Nothing in the Con Edison Sub Contractors agreement covers the heads of government agencies, like the plaintiff. On the contrary, each agreement is between the defendant CE Security LLC and an individual spotholder. (ECF Nos. 11-2, 13-1.) Nor is there any merit to the defendant's theory that the plaintiff is bound by an agreement that it did not negotiate or sign, because it “act[s] on behalf” of the spotholders. (ECF No. 11-3 at 6.) While a nonsignatory can be bound to an arbitration agreement under traditional principles of agency law, see MidOil USA, LLC v. Astra Project Fin. Pty Ltd., 594 Fed.Appx. 48, 49 (2d Cir. 2015) (summary order), “[a]gency is the fiduciary relation which results from the manifestation of consent by one person to another that the other shall act on his behalf and subject to his control, and consent by the other so to act, ” Merrill Lynch Inv. Managers v. Optibase, Ltd., 337 F.3d 125, 130 (2d Cir. 2003) (quoting Restatement (Second) of Agency § 1 (1958)). There is no evidence of a consensual agreement between the spotholders and the plaintiff.
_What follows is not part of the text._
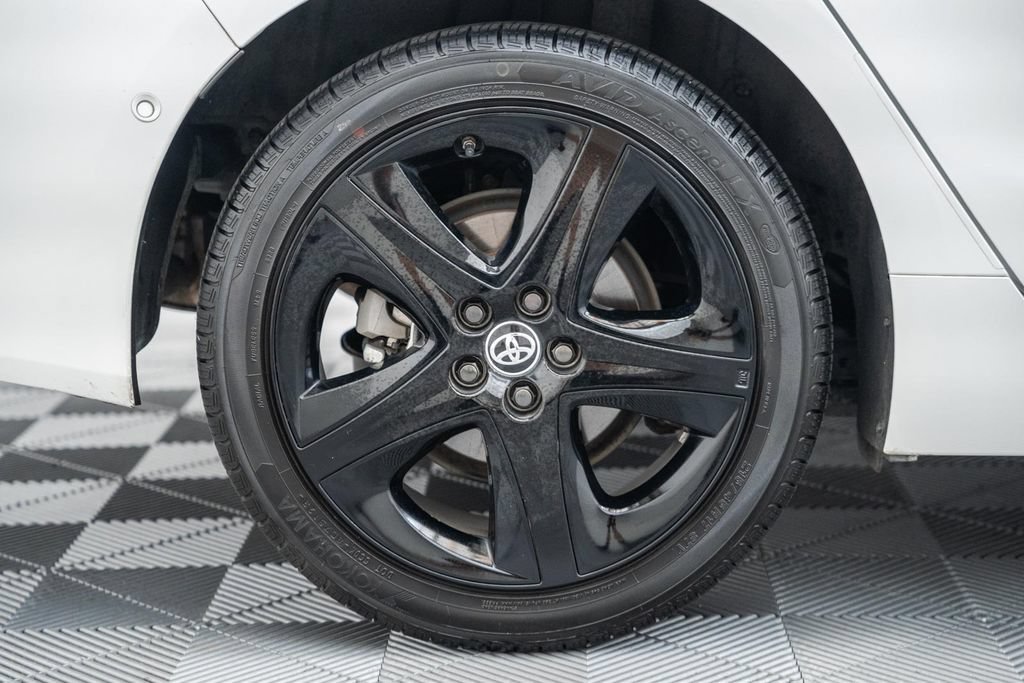 Certified 2021 Toyota Prius FWD image 20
In EEOC v. Waffle House, Inc., 534 U.S. 279 (2002), the EEOC filed an enforcement action against an employer for violations of the Americans with Disabilities Act, id. at 283; the employer argued that the EEOC was bound by an arbitration agreement with the employees, but the Court held that the EEOC was “the master of its own case, ” id. at 291. The Second Circuit, applying Waffle House, has observed that “agreements of private parties cannot frustrate the power of a federal agency to pursue the public's interests in litigation.” Cohen v. Viray, 622 F.3d 188, 195 (2d Cir. 2010). The same reasoning applies here. The FLSA authorizes the plaintiff to bring actions to recover “overtime compensation” and “liquidated damages, ” 29 U.S.C. § 216(c), and to enjoin unlawful practices that violate the FLSA, id. § 217, without requiring an employee's consent. See, e.g., Tony and Susan Alamo Found. v. Sec'y of Labor, 471 U.S. 290, 302 (1985) (“[T]he purposes of the [Fair Labor Standards] Act require that it be applied even to those who would decline its protections.”). Like the EEOC in Waffle House, the plaintiff is not party to the relevant arbitration agreements. (ECF Nos. 11-2, 13-1.) Also like the EEOC, which the Court found “may be seeking to vindicate a public interest, not simply provide make-whole relief for the employee, ” Waffle House, 534 U.S. at 296, the plaintiff here “may still have interests independent of the aggrieved employee when seeking employee-specific relief, including deterring other employers from violating the FLSA and protecting complying employers from unfair wage competition with noncomplying employers.” Walsh v. Ariz. Logistics, 998 F.3d 393, 396 (9th Cir. 2021).
CONCLUSION
For these reasons, the defendants' motion to compel arbitration is denied.
SO ORDERED.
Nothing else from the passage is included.